[Opening Record excerpts section]

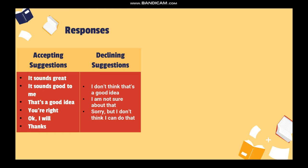There are some expressions we can use to accept someone's suggestions, like: 'It sounds great,' 'It sounds good to me,' 'That's a good idea,' 'You are right,' 'Okay,' and 'I will, thanks.'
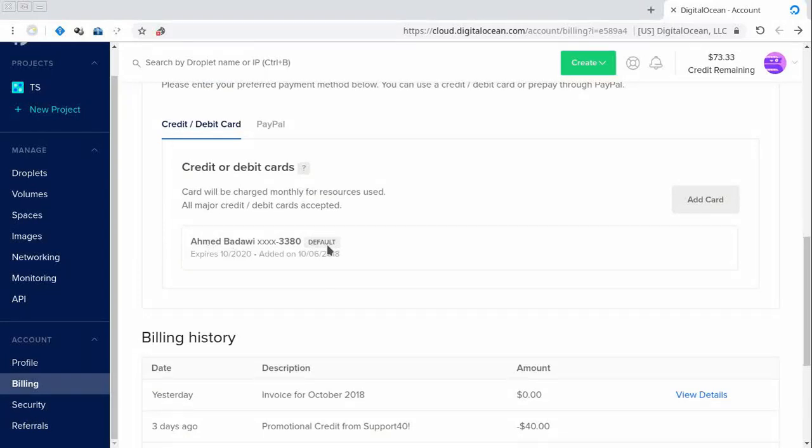Second, we have already a card verified in our account since October 6th, the day we created the droplet.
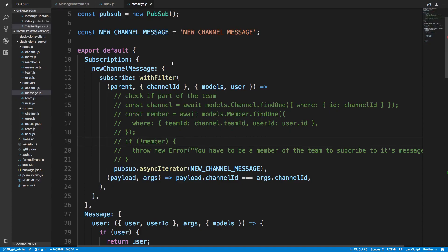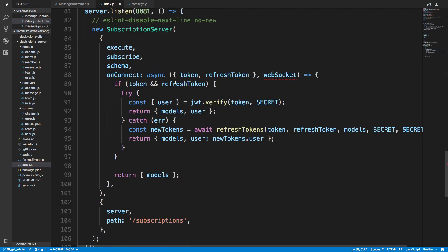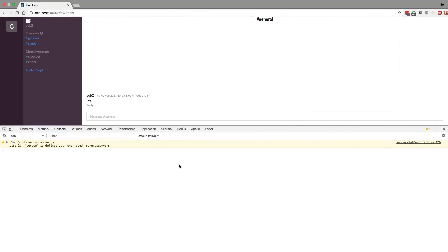Hey guys, I wasn't able to get our subscribe function to work with async code — fetching our channel and member before subscribing. So I'm just going to leave it for now and come back to it if I figure it out. If you really wanted to get this to work, you could do the authentication in the onConnect and the fetching of the user. But for now, what I want to work on is sending direct messages, because I should be able to direct message Slack bot and user one and chat with them. So that's what we're going to be adding.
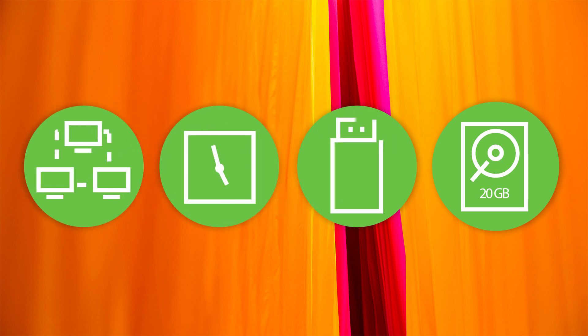Prepare a 32GB or larger USB key and format it to NTFS or FAT32. All the data on the USB key will be erased during the process.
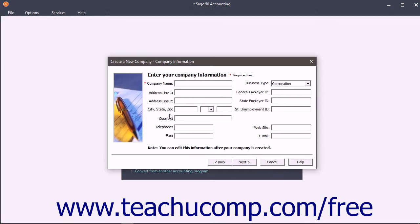First in the Company Information screen, you must enter your company information. This includes the company's name, address, and federal and state identification numbers.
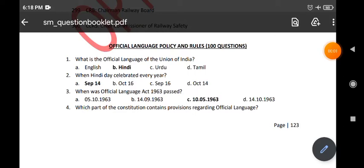Hi friends, welcome to Sarkandran LDC class. Here we will discuss official language policy and rules — 100 questions. Let us start the class.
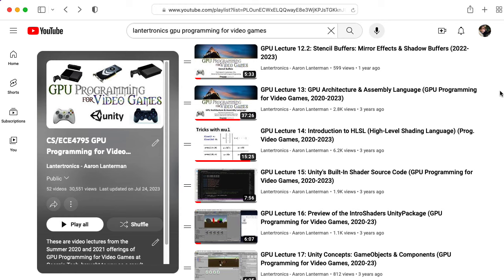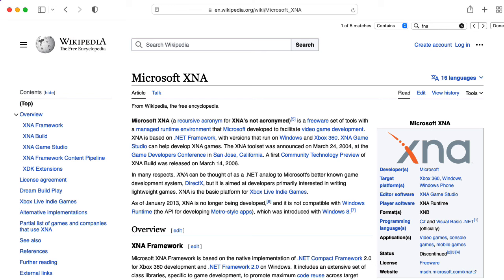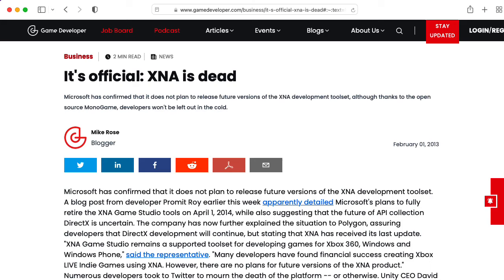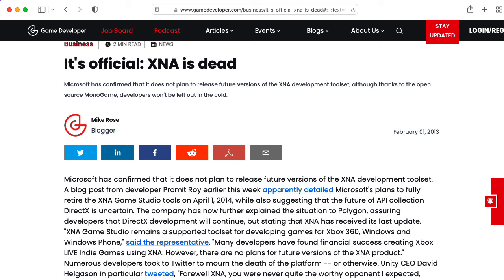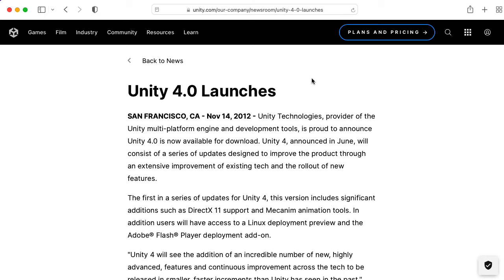I switched to using Unity to explain things. I originally used XNA when I launched the class in 2007, but Microsoft announced plans to discontinue support for XNA, so in 2014 I switched the course to using Unity.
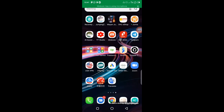Welcome to another segment of our mini importation class. I believe everybody has fully downloaded their Alipay account. As you can see on the screen here, I have my Alipay app installed on my phone.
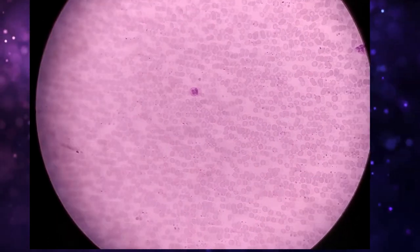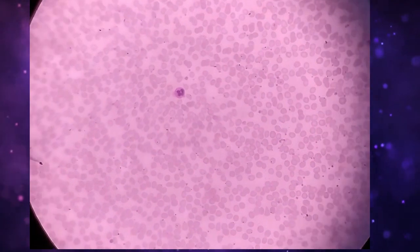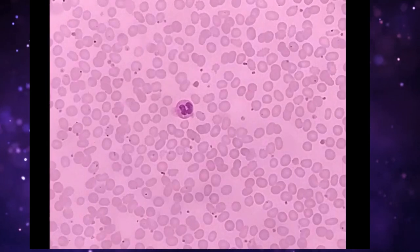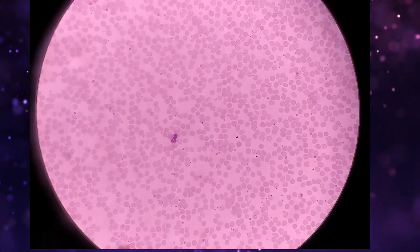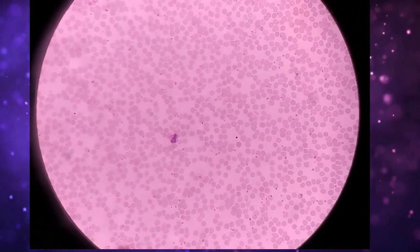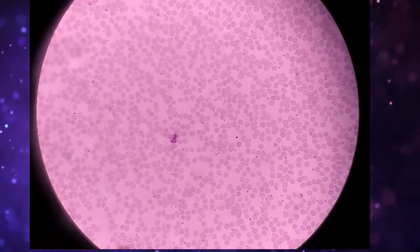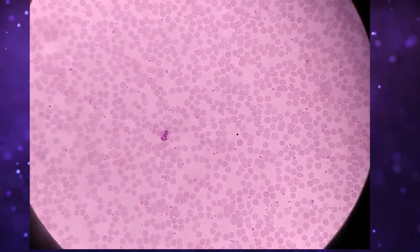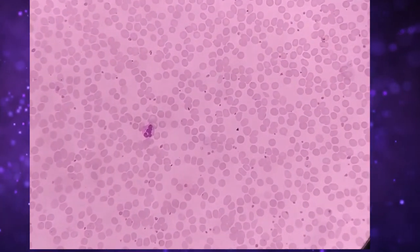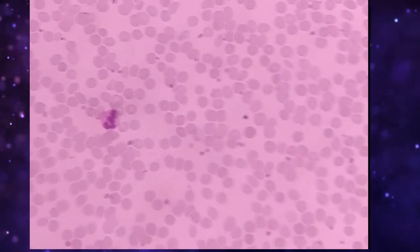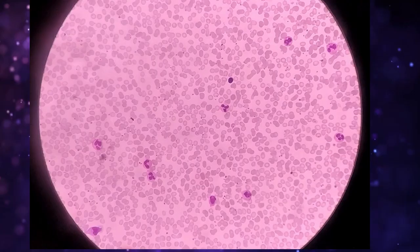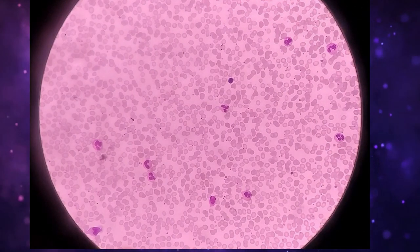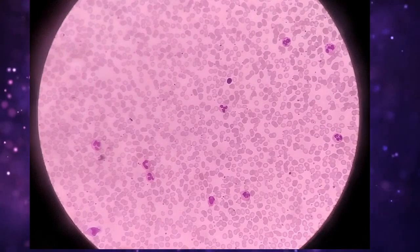Here you can see this is under 40 power magnification. Here you can see a neutrophil when I zoom in. Here you can see another neutrophil when I zoom in.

[Closing Record excerpts section]

> **Task objective**: With the pictures left out, copy exactly the lines from the one containing "Hey guys, I" through the last line of the data.

> **Solution for this problem**:
Hey guys, I wasn't able to get our subscribe function to work with async code — fetching our channel and member before subscribing. So I'm just going to leave it for now and come back to it if I figure it out. If you really wanted to get this to work, you could do the authentication in the onConnect and the fetching of the user. But for now, what I want to work on is sending direct messages, because I should be able to direct message Slack bot and user one and chat with them. So that's what we're going to be adding.
Prepare a 32GB or larger USB key and format it to NTFS or FAT32. All the data on the USB key will be erased during the process.
First in the Company Information screen, you must enter your company information. This includes the company's name, address, and federal and state identification numbers.
Hi friends, welcome to Sarkandran LDC class. Here we will discuss official language policy and rules — 100 questions. Let us start the class.
I switched to using Unity to explain things. I originally used XNA when I launched the class in 2007, but Microsoft announced plans to discontinue support for XNA, so in 2014 I switched the course to using Unity.
Welcome to another segment of our mini importation class. I believe everybody has fully downloaded their Alipay account. As you can see on the screen here, I have my Alipay app installed on my phone.
Here you can see this is under 40 power magnification. Here you can see a neutrophil when I zoom in. Here you can see another neutrophil when I zoom in.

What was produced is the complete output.